The answer is to be an exact copy of the lines below running from the line with "Glass Seed Beads SEED-A010-3mm-43B-3" down to the line with "Orsa Amarena con i cuccioli", both ends included, and nothing more.

* [Data to examine]:
++++++++++
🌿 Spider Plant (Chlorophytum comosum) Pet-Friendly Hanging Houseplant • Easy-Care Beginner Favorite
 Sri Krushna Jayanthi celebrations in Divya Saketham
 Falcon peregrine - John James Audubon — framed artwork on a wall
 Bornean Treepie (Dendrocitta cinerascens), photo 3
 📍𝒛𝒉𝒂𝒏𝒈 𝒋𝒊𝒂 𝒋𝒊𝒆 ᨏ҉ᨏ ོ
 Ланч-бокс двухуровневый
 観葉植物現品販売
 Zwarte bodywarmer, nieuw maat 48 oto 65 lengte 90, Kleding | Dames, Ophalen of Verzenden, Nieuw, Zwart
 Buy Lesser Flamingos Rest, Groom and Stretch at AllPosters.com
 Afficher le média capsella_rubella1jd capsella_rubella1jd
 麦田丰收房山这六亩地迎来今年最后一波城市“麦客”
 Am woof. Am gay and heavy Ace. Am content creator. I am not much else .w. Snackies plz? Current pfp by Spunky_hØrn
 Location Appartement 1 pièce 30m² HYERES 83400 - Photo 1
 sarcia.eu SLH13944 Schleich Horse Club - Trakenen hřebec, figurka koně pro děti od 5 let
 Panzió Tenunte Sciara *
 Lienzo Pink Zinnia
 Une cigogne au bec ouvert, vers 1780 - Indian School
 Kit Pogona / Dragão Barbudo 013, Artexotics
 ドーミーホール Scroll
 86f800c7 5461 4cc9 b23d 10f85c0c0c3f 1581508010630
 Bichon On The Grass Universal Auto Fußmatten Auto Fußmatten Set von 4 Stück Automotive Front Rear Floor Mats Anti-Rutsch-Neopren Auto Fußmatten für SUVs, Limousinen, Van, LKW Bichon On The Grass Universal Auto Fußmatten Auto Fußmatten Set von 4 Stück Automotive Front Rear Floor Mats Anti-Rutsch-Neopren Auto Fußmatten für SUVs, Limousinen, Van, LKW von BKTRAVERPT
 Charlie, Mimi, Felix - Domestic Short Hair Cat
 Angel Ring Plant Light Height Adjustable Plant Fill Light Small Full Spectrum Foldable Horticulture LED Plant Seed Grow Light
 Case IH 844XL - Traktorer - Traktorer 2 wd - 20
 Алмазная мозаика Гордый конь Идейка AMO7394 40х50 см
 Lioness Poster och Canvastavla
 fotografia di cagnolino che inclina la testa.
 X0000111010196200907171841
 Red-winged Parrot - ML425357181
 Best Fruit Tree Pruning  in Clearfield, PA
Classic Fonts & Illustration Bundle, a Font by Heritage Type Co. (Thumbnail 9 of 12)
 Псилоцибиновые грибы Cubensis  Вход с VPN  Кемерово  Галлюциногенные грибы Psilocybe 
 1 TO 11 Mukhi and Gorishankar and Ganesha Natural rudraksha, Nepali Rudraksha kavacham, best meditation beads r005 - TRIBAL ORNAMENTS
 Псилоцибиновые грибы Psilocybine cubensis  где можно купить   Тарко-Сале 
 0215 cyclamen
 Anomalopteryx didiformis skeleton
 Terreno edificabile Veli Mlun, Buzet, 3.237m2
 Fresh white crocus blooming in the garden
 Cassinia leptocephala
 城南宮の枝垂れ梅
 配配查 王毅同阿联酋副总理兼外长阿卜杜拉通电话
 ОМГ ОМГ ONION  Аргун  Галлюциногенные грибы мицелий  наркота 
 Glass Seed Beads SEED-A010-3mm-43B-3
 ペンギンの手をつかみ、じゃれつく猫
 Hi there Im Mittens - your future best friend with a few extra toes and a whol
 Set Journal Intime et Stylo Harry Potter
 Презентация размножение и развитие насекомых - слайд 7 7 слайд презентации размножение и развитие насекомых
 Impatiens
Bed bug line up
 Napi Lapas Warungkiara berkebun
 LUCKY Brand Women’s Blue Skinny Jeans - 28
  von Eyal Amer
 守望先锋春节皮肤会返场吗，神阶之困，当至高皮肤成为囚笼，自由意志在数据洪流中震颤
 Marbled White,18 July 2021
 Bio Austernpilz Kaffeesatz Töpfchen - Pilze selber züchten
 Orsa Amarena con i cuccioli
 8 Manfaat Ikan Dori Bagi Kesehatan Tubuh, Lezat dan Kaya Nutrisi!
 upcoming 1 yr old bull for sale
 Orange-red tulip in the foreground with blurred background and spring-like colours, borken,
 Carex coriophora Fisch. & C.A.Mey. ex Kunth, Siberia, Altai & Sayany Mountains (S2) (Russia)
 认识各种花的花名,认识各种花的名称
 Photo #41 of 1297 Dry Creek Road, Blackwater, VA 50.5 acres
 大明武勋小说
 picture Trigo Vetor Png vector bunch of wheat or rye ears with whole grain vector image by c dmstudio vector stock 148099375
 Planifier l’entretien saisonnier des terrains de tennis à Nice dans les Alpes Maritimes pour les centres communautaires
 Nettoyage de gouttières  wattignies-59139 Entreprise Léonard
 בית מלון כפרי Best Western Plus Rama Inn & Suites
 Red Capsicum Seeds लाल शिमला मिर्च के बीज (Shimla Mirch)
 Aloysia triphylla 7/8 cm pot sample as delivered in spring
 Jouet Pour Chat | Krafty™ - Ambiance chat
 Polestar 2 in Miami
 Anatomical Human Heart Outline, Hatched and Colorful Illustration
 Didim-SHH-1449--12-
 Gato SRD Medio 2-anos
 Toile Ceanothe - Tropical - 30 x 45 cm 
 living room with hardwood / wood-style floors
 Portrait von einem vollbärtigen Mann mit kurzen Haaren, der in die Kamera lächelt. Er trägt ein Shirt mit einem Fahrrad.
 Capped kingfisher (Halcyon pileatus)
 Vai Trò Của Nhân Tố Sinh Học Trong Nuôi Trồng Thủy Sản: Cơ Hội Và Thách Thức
++++++++++
* [Task result]:
 Glass Seed Beads SEED-A010-3mm-43B-3
 ペンギンの手をつかみ、じゃれつく猫
 Hi there Im Mittens - your future best friend with a few extra toes and a whol
 Set Journal Intime et Stylo Harry Potter
 Презентация размножение и развитие насекомых - слайд 7 7 слайд презентации размножение и развитие насекомых
 Impatiens
Bed bug line up
 Napi Lapas Warungkiara berkebun
 LUCKY Brand Women’s Blue Skinny Jeans - 28
  von Eyal Amer
 守望先锋春节皮肤会返场吗，神阶之困，当至高皮肤成为囚笼，自由意志在数据洪流中震颤
 Marbled White,18 July 2021
 Bio Austernpilz Kaffeesatz Töpfchen - Pilze selber züchten
 Orsa Amarena con i cuccioli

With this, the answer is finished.